*TASK PROMPT*: Take the lines from the head of the listing through the one bearing "Would you like to know more about" and copy them exactly, leaving every picture out.

━━━ RECORD EXTRACTS ━━━

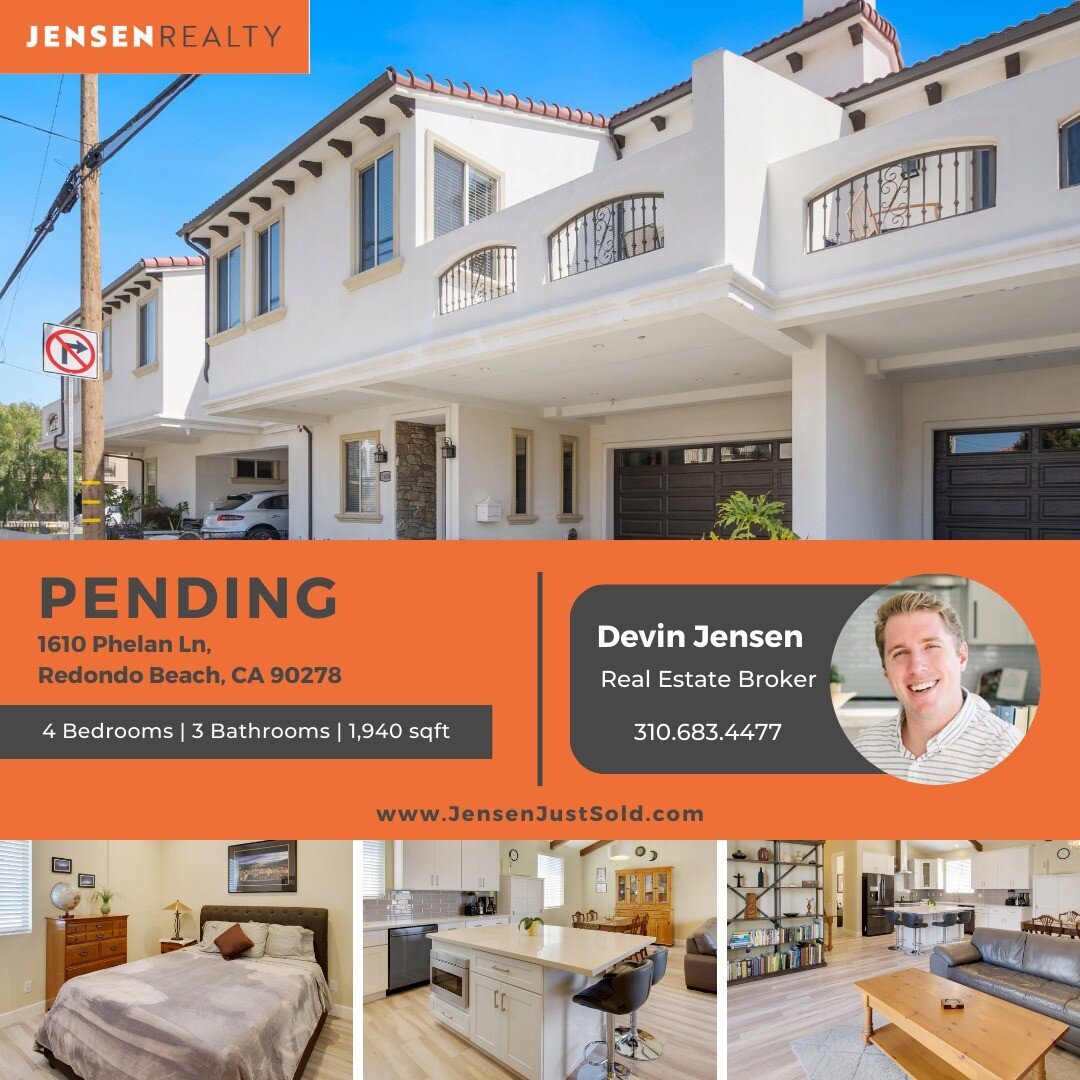 This townhome truly has it all, from the luxurious finishes and thoughtful details to the unbeatable location and spacious layout. 

Address: 1610 Phelan Ln, Redondo Beach, CA
- 4 Bedrooms
- 3 Bathrooms
- 1,940 sqft
Would you like to know more about 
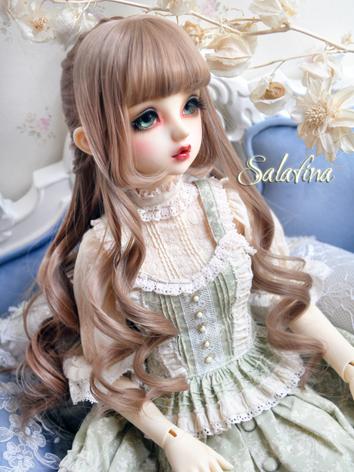 1/3 1/6 Wig Girl Dark Chocolate/Gold/Black/Light Brown Curly Hair for SD/MSD/YSD Size Ball-jointed Doll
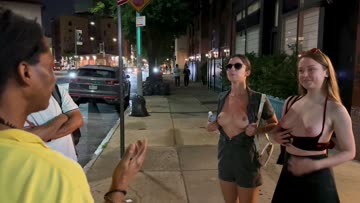 dared to ask strangers to rate our tits in public! [f]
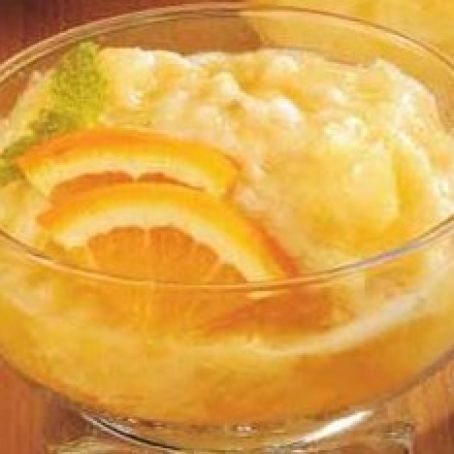 Frozen Banana Pineapple Cups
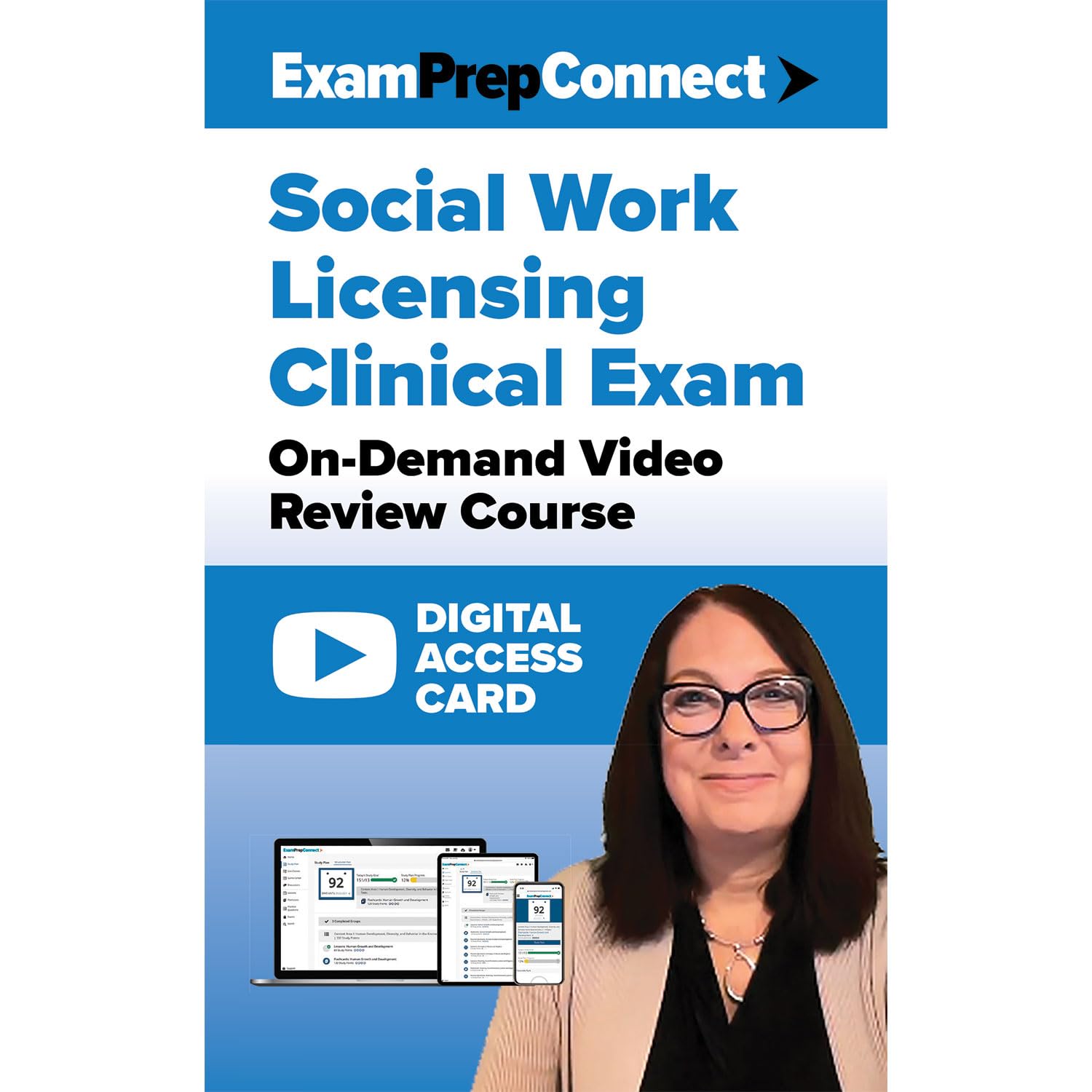 Social Work Licensing Clinical Exam On-Demand Video Review Course (Digital Access Card)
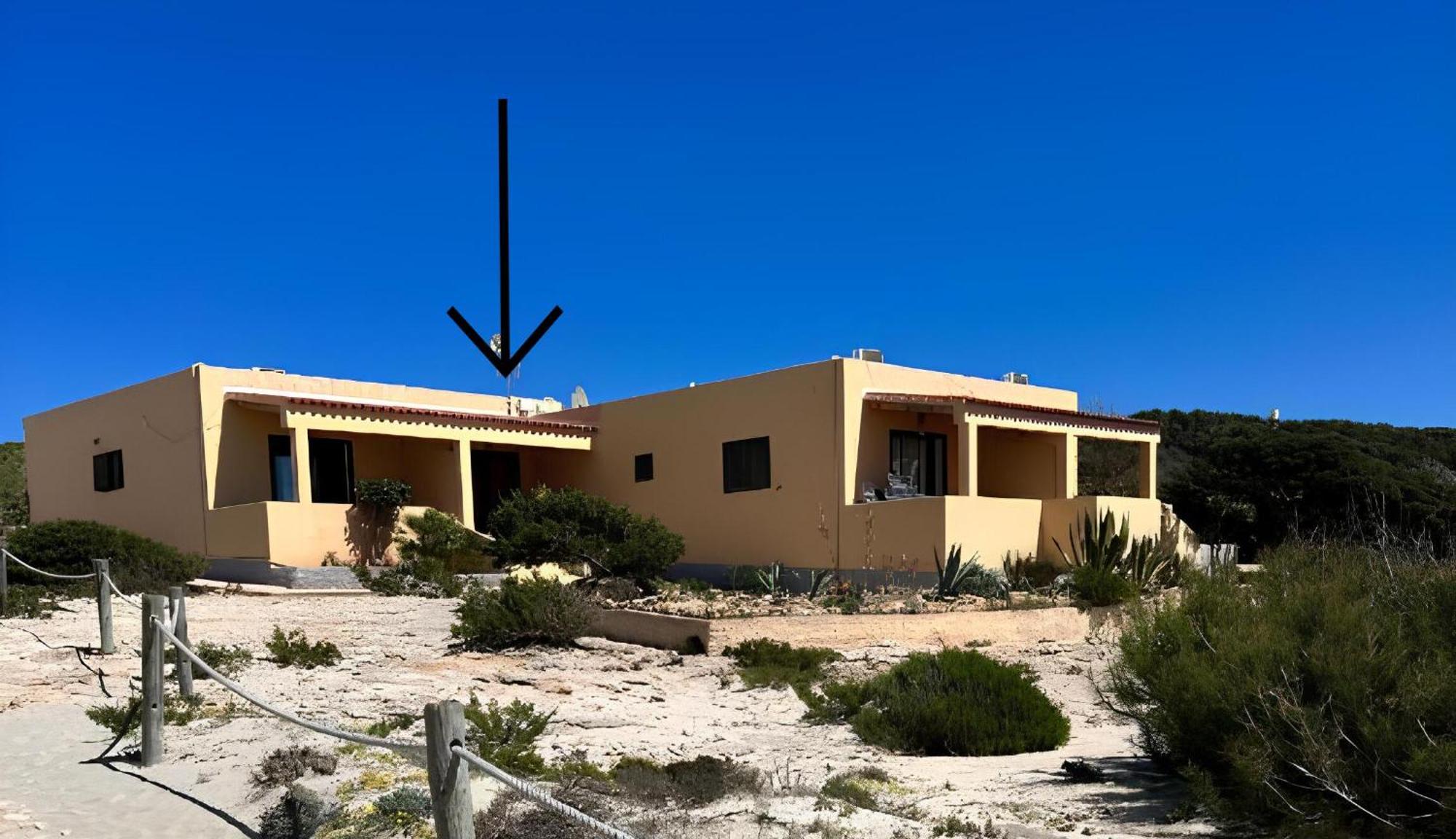Villa Arenas Del Mar Formentera Es Arenals Exterior foto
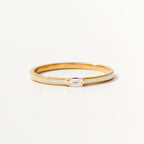 Birthstone Enamel Signet Ring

━━━

*EXPECTED OUTPUT*:
 This townhome truly has it all, from the luxurious finishes and thoughtful details to the unbeatable location and spacious layout. 

Address: 1610 Phelan Ln, Redondo Beach, CA
- 4 Bedrooms
- 3 Bathrooms
- 1,940 sqft
Would you like to know more about 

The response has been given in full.